Does Dreher's definition capture American/Western society? Not at all, says I. Of course our society has objective moral standards - for all the talk among theocons about "moral relativism," the idea that Americans generally or liberals/seculars/whatever don't believe in right or wrong is transparent nonsense. We have a robust set of standards derived from philosophical constructs like egalitarianism, rationalism and pluralism, and ultimately based in simple concepts like agency, dignity and consent. Dreher might not agree with those principals and I can't say that we've always done a great job of upholding them, but they exist. If they didn't exist, conservatives wouldn't whine about them so much.

What about the rest? A lot of our modern philosophy is based on avoiding the mistakes of the past (again, conservatives love to complain about this), so the third point is off. And I can think of plenty of communal obligations - protecting the vulnerable, supporting those who suffer, pointing out injustice - though again, Dreher likely wouldn't acknowledge these as proper obligations.

And there's the heart of it right there, Dreher's real problem. I suspect that his real beef is that our culture doesn't have a strong traditional hierarchy to keep everyone in line. The telling bit is in the second point - we're allowed to choose our culture, opt to step away from prevailing beliefs. We have no Popes or Patriarchs to wed us unwillingly to a given philosophy, no formal system of shunning to keep the heretics silent. It isn't that the barbarians have invaded the churches and murdered the priests, it's that the new crop of priests are unacceptably heterodox. In sum, Dreher longs for a homogeneity of culture and identity that is well behind us, and in this regard he is right - his time has passed. He's just electing to view that passage as a decay of virtue rather than the consequences of an increasingly diverse society.

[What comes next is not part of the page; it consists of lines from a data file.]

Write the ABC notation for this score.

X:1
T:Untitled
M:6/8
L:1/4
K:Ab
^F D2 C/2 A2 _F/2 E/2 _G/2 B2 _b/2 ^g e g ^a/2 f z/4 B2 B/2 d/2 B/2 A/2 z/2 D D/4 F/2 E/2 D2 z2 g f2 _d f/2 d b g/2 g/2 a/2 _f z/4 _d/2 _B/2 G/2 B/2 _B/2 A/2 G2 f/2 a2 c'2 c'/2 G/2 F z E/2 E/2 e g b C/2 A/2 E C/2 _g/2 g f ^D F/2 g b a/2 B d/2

Next time, we'll explore Dreher's concept of history and his views on how the barbarians won.


  1. Very nice work. Thank you.
    It's important to call out silly people like Dreher (or in another context the likes of David Brooks).
    These people posture as highly principled "conservatives" (whatever the hell that even means anymore) but I smell "reactionaries". Mark Lilla does a nice job of flensing these jackasses in his The Shipwrecked Mind: On Political Reaction. And there is ALWAYS with them and their arguments this undercurrent of authoritarianism (cause you may need a little muscle to get people to do the right thing).

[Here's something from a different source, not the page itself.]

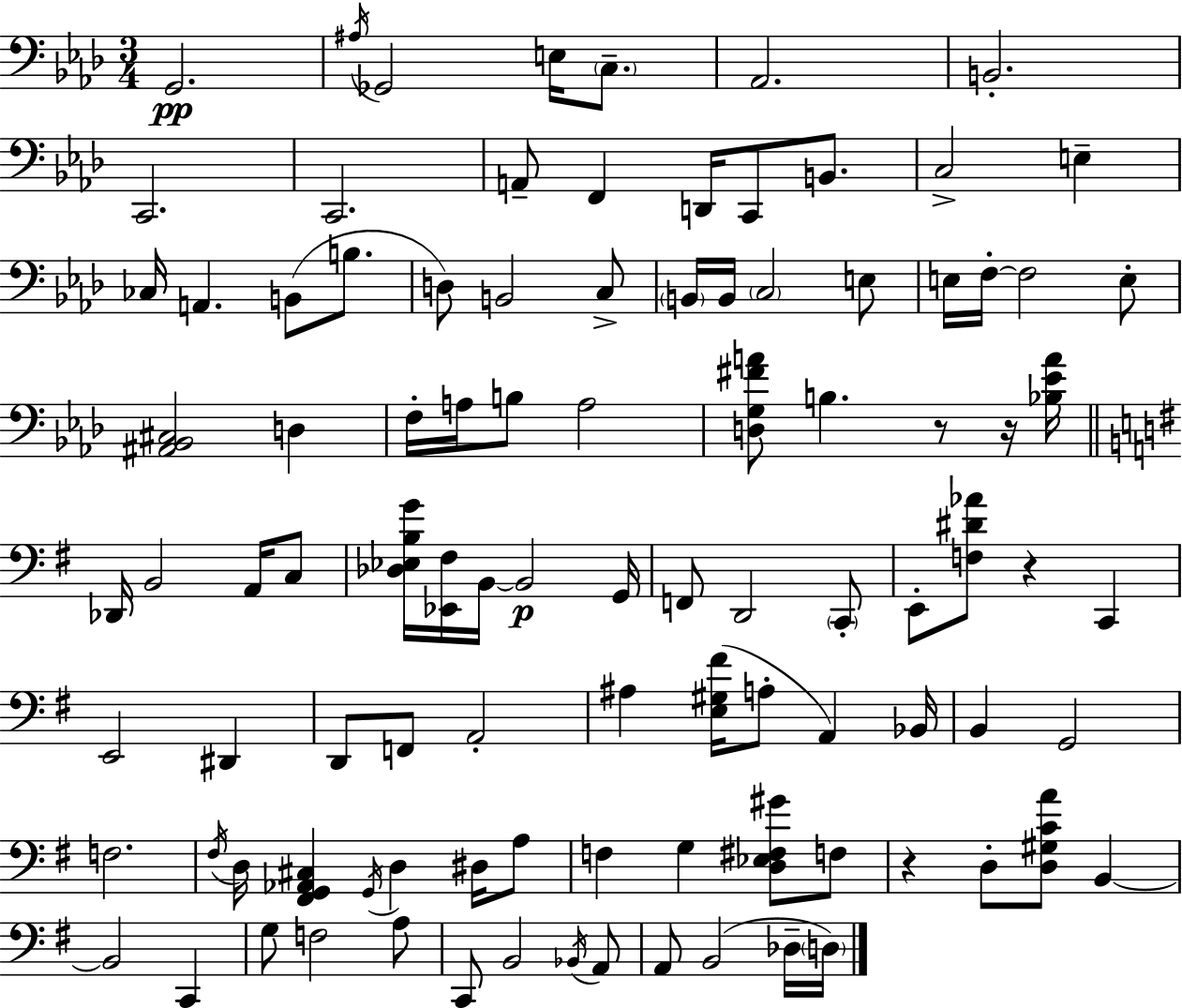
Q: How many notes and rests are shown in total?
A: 99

    The real enemy, of course, has always been not communism, homosexuals, uppity feminists or any of the rest of it but The Enlightenment which must be rolled back.
    "Tradition and authority today! Tradition and authority tomorrow! Tradition and authority forever!"

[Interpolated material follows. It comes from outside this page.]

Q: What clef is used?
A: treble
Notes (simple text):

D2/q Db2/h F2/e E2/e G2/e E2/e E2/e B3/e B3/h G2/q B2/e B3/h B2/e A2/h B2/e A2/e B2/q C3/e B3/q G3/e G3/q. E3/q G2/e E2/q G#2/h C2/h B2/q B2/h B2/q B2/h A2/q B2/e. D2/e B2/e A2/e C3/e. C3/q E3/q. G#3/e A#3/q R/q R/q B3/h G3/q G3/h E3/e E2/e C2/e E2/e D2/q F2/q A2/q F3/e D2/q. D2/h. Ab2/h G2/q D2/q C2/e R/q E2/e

    1. Just wait until we get into the next chapter. Dreher does indeed have a beef with the Enlightenment but it's so much broader than that.

    2. Yes, authoritarianism seems to be his real guiding light. He's upset that he's not in charge as is his (and a few other white males) due.

  2. hellslittlestangelJuly 21, 2017 at 3:26 PM

    [R]efusing to accept any religiously or culturally binding narrative originating outside oneself, except as chosen.

    In which chapter does he explain how he acquired his binding narrative without having chosen it? Was it injected into him like a vaccination at one of the several churches he has belonged to?

  3. Does Dreher know what religion the Visigoths were practicing at the time they took over Italy? Christian, but not "orthodox" in the most direct way: they were Arian heretics who denied the co-eternity of God the Son with God the Father and believers in all kinds of looseness following from this obnoxious humanization of Christ, ancestors of the Unitarians, as close to "therapeutic deism" as you could easily get in the fifth century. Then at some point in the sixth century (as a result of Benedict's work?) they turned to Nicene orthodoxy. Does Dreher understand his all in a more literal way than I would have imagined?